U.S. stocks experienced significant losses on Thursday, with the S&P 500 officially entering correction territory as investors weighed economic concerns, inflation data, President Trump’s escalating trade war, and the threat of a U.S. government shutdown.
The S&P 500 (^GSPC) dropped 1.4%, marking a correction as it fell more than 10% from its February record high. The Nasdaq Composite (^IXIC), which entered correction last week, fell nearly 2%. The Dow Jones Industrial Average (^DJI) declined 1.3%, or nearly 550 points, as market sentiment soured.
Markets remain volatile, driven by a wave of uncertain developments. President Trump’s tariff threats continued to dominate headlines, contributing to Wall Street’s unease. On Thursday, Trump escalated his trade offensive by threatening a 200% tariff on EU wines and spirits in retaliation for European tariffs on U.S. steel and aluminum imports. Trump has made clear his stance, stating he would not “bend” in his broadening trade fight.
In addition to trade tensions, the looming risk of a U.S. government shutdown added further stress to markets. Senate Democrats have indicated they will block a Republican spending bill aimed at preventing a shutdown, according to Minority Leader Chuck Schumer.
Thursday also brought concerning economic data. The latest wholesale inflation report showed no change in prices for February, falling short of the expected 0.3% month-over-month increase. The Producer Price Index (PPI) rose 3.2% on an annualized basis, slightly below the expected 3.3% increase.
Meanwhile, concerns about the impact of job cuts from the Department of Government Efficiency (DOGE), spearheaded by Elon Musk, have begun to affect economic activity. Bank of America analysts pointed to macroeconomic pressures, particularly in the federal sector, noting a slowdown in average card spending growth in Washington, D.C. compared to other East Coast cities.

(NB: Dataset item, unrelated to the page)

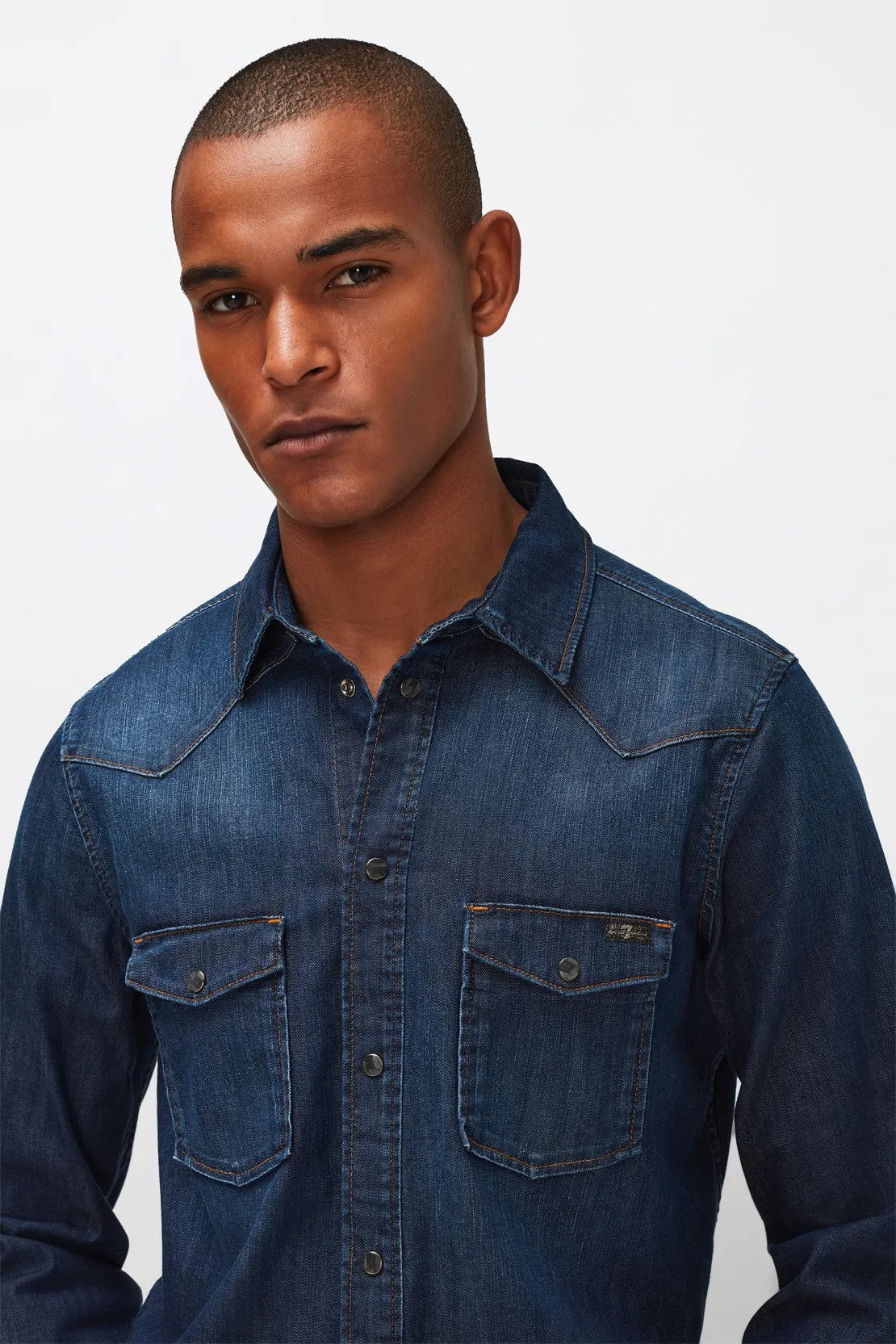 Western Shirt Stretch Tek Elementary 7 For All Mankind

The federal job cuts, particularly in education and environmental agencies, have led to a reduction in discretionary consumer spending, though essentials remain in demand.

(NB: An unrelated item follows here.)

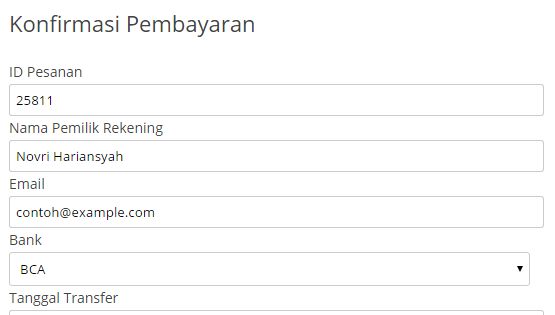 WooCommerce Konfirmasi Pembayaran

“Total card spending growth is holding up for now, indicating that the impact of the DOGE cuts has been localized so far,” said Aditya Bhave, U.S. economist at Bank of America. “We will continue to monitor these data going forward to assess whether the drag is growing over time.”
As these concerns continue to unfold, investors are left navigating a turbulent market with uncertain economic and political headwinds.